Miba AG: Mitterbauer Beteiligungs-Aktiengesellschaft declares conditional increase of squeeze-out price

Squeeze-out and delisting unanimously approved

The majority shareholder of Miba AG, Mitterbauer Beteiligungs-Aktiengesellschaft (MBAG) in today’s shareholder meeting which was to decide on the squeeze-out and delisting of Miba AG, requested the conditional increase of the cash consideration from EUR 540 per share to EUR 565 per share.

This increase will only become effective upon the three conditions that

1. no objection against the shareholders‘ resolution is put on record during the shareholder meeting,

2. no lawsuit for the contestation or rescission of the shareholders’ resolution is filed and

3. no application for a re-assessment of the cash consideration in accordance with § 6 of the Austrian Squeeze-out Act is made.

This proposal followed an increase of the price offered by MBAG to the preferred shareholders of Miba AG to EUR 565 per share on 18 September 2015 in the concurrent voluntary takeover offer.

MBAG justified today’s conditional rise in the squeeze-out price with saving legal and consulting costs as well as time required for the related review process in the interests of all shareholders. These savings can be passed on to all remaining free float shareholders in the form of a conditionally increased cash settlement if this cash compensation is not subject to a lengthy and costly re-assessment process.

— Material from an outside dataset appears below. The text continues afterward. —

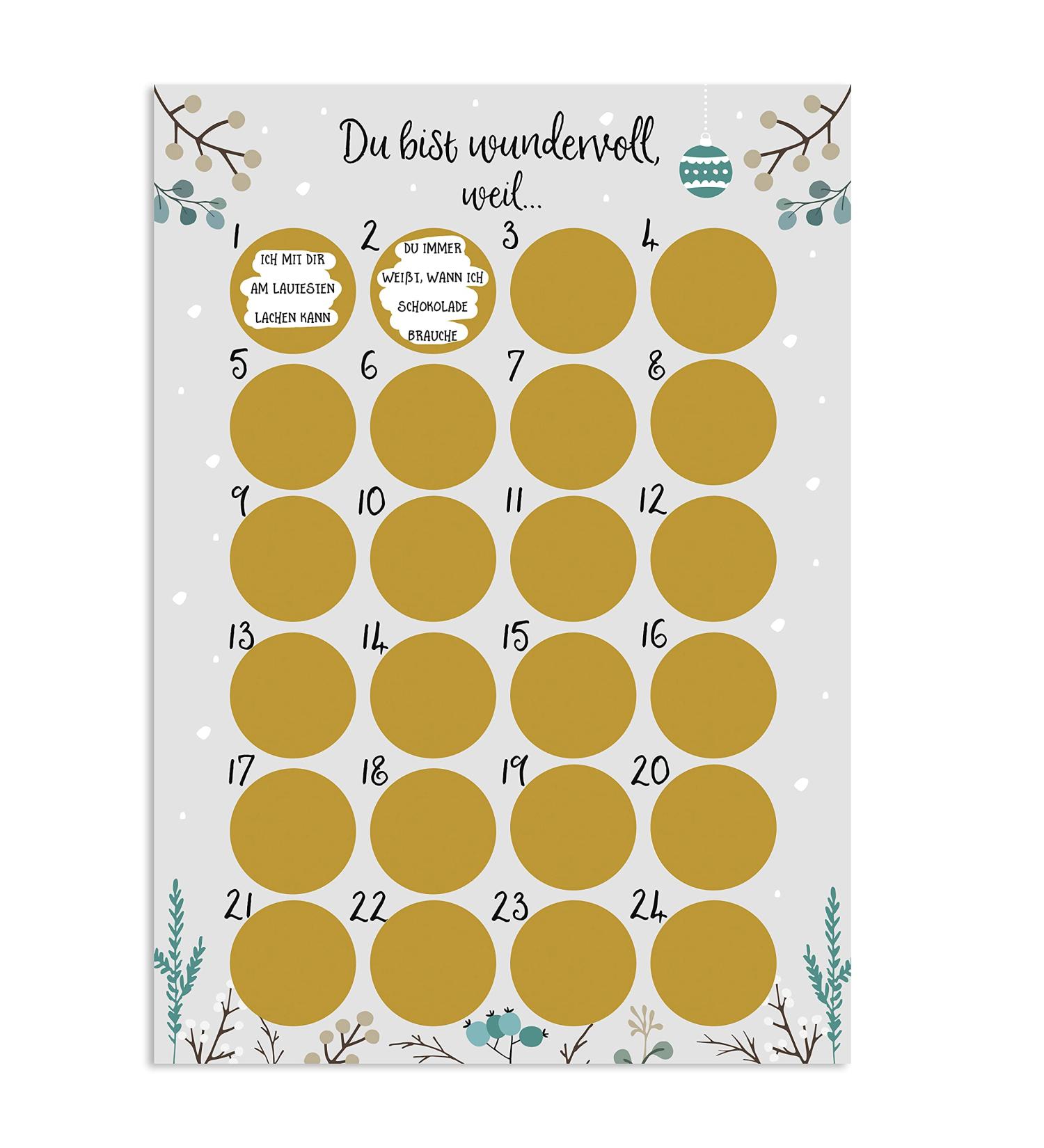 Nastami Scratch-Off Advent Calendar A3 - You Are Wonderful Christmas Countdown Calendar for Festive Fun - Buy Online on SooperMarket.com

The re-assessment of the cash consideration can be applied for until one month after the publication of the registration of the squeeze-out with the commercial register. Accordingly, only in the beginning of January

2016 it will be clear whether the conditions are met and whether the increase of the cash consideration has become effective.

The Extraordinary General Meeting has now unanimously approved this resolution and the resolution on the squeeze out. Accordingly, the listing of Miba AG will be terminated in the course of the fourth quarter of 2015.

Irrespective of the squeeze-out now decided, the deadline to accept the MBAG’s concurrent voluntary takeover offer at EUR 565 per share will end on 26 November 2015.